The Traffic Light Protocol (TLP) is a system for classifying sensitive information created in the early 2000s by the UK Government's National Infrastructure Security Co-ordination Centre, in order to encourage greater sharing of sensitive information.

The fundamental concept is for the originator to signal how widely they want their information to be circulated beyond the immediate recipient. It is designed to improve the flow of information between individuals, organizations or communities in a controlled and trusted way. It is important that everyone who handles TLP-labeled communications understands and obeys the rules of the protocol. Only then can trust be established and the benefits of information sharing realized. The TLP is based on the concept of the originator labeling information with one of four colors to indicate what further dissemination, if any, can be undertaken by the recipient. The recipient must consult the originator if wider dissemination is required.

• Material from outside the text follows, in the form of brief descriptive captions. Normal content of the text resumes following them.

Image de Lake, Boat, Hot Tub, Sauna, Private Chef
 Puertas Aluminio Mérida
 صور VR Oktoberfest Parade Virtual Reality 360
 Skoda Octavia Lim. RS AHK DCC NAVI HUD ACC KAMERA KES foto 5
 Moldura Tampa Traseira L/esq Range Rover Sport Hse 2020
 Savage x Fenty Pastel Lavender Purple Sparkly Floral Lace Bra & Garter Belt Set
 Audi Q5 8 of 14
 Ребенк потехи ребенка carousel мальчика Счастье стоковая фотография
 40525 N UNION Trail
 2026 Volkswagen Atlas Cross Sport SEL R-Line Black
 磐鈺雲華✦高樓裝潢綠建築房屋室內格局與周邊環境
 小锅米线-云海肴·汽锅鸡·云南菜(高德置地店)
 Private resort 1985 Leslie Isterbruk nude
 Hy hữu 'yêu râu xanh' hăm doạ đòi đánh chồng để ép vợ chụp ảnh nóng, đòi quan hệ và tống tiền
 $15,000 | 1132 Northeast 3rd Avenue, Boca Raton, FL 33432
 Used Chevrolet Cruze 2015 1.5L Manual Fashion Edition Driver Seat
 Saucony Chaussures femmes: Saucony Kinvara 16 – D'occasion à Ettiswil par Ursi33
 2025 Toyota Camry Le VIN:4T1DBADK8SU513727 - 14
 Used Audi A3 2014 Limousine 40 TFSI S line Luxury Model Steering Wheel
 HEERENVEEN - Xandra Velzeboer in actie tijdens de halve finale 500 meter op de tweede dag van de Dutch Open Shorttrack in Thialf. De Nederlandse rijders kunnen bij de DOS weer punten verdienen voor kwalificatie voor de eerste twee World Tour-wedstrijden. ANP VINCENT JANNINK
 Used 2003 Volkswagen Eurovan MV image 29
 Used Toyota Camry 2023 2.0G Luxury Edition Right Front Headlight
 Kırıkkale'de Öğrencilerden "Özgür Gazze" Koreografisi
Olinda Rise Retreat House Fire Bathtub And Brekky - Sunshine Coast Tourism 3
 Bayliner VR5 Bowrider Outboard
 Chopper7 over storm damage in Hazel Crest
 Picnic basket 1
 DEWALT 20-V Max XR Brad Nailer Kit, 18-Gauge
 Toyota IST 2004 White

A number of current specifications for TLP exist.
- From ISO/IEC, as part of the Standard on Information security management for inter-sector and inter-organizational communications.
- From FIRST, which formed a Special Interest Group to draft a standardized set of definitions for the TLP colors and guidance on their usage. Version 1.0 of the standard was published by FIRST on August 31, 2016, before being replaced by Version 2.0 on August 5, 2022.
CISA officially adopted Version 2.0 of the FIRST standard on November 1, 2022.
== Summary of TLP's four colours and their meanings==
There are four colors (or traffic lights):

- RED - personal for named recipients only
In the context of a meeting, for example, RED information is limited to those present at the meeting. The distribution of RED information will generally be via a defined list and in extreme circumstances may only be passed verbally or in person.

- AMBER - limited distribution
The recipient may share AMBER information with others within their organization and their clients, but only on a ‘need-to-know’ basis. The originator may be expected to specify the intended limits of that sharing.
 AMBER+STRICT , introduced in TLP version 2.0, restricts sharing to the organisation only.

- GREEN - community wide
Information in this category can be circulated widely within a particular community. However, the information may not be published or posted publicly on the Internet, nor released outside of the community. Note: when “community” is not defined, assume the cybersecurity/defense community.

- CLEAR - unlimited, up until FIRST TLP 2.0: WHITE - unlimited
Subject to standard copyright rules, CLEAR/WHITE information may be distributed freely, without restriction.

In practice, one will indicate a document's classification with the acronym "TLP", followed by a colon and classification level, for example: "TLP:RED".